**Your task**
Go through the data below and repeat it exactly, skipping each picture.

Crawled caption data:
========================================================================

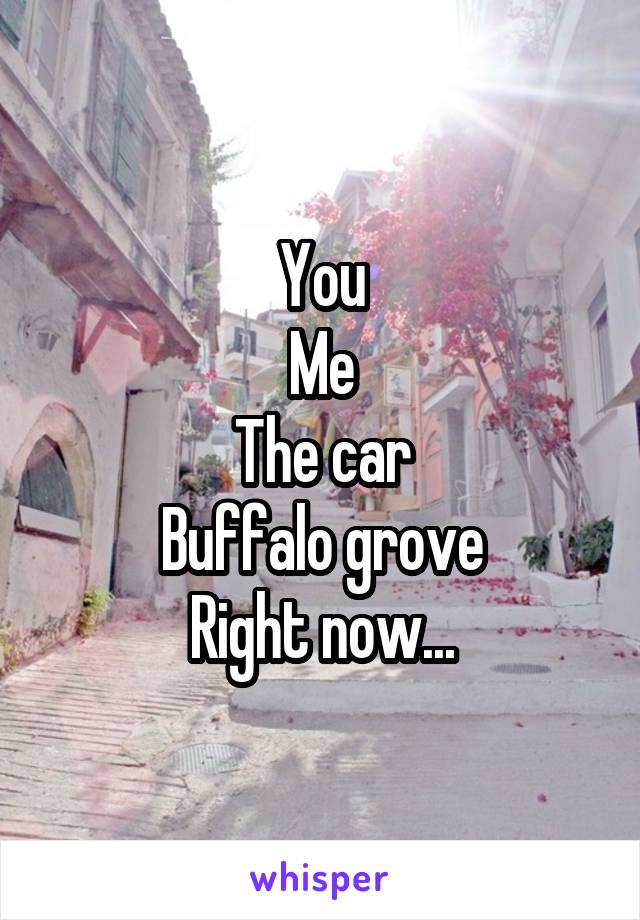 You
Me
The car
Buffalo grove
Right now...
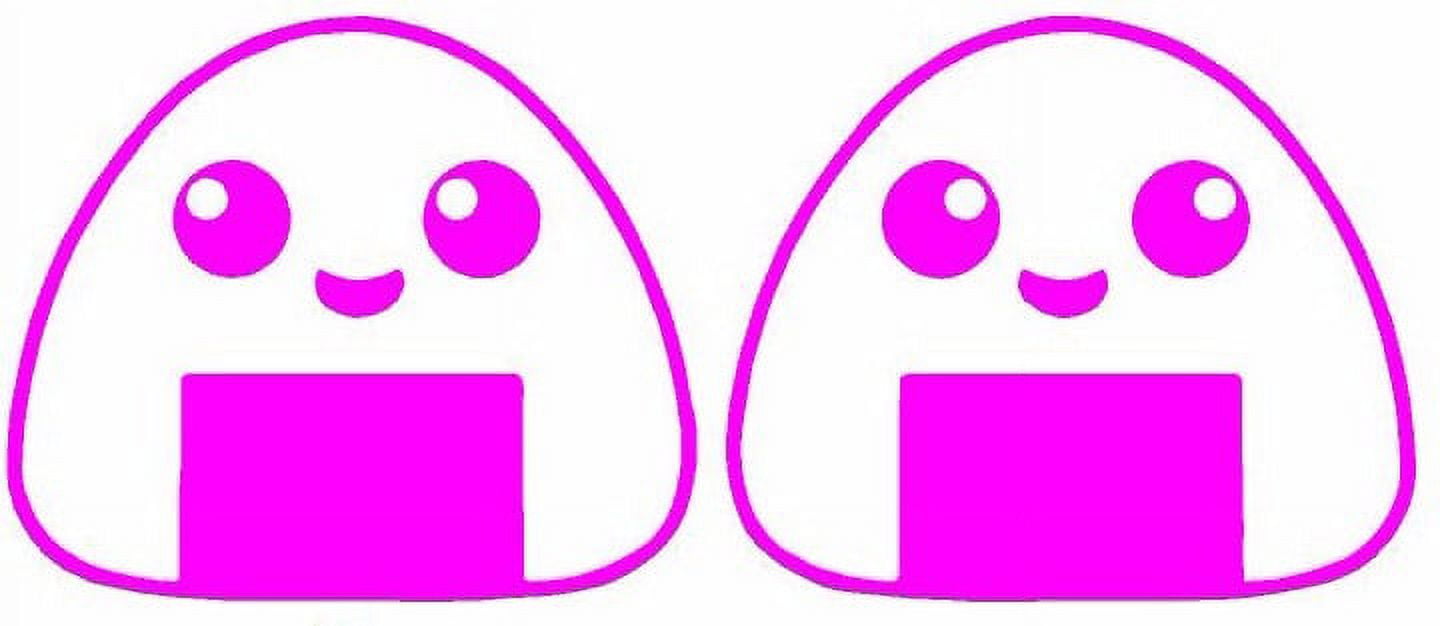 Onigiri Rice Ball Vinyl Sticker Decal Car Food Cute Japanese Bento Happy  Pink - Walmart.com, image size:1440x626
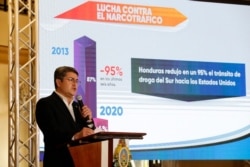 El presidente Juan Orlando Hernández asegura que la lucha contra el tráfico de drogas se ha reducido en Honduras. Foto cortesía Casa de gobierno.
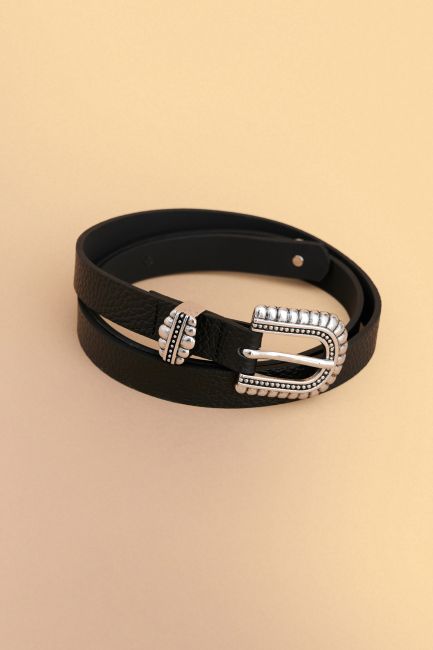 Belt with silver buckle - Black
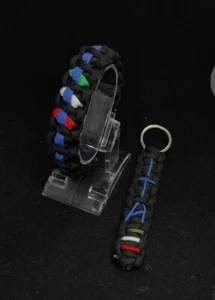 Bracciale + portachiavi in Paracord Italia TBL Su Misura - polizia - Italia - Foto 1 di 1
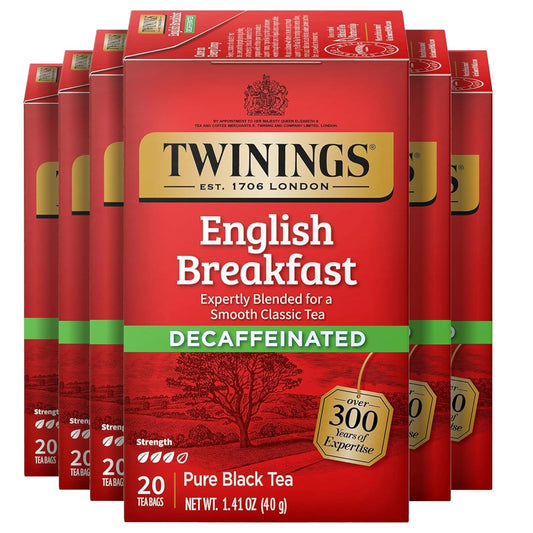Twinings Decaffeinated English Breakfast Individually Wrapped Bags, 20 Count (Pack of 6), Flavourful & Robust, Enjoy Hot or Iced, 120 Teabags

========================================================================

**Response area**
 You
Me
The car
Buffalo grove
Right now...
 Onigiri Rice Ball Vinyl Sticker Decal Car Food Cute Japanese Bento Happy  Pink - Walmart.com, image size:1440x626
 El presidente Juan Orlando Hernández asegura que la lucha contra el tráfico de drogas se ha reducido en Honduras. Foto cortesía Casa de gobierno.
 Belt with silver buckle - Black
 Bracciale + portachiavi in Paracord Italia TBL Su Misura - polizia - Italia - Foto 1 di 1
Twinings Decaffeinated English Breakfast Individually Wrapped Bags, 20 Count (Pack of 6), Flavourful & Robust, Enjoy Hot or Iced, 120 Teabags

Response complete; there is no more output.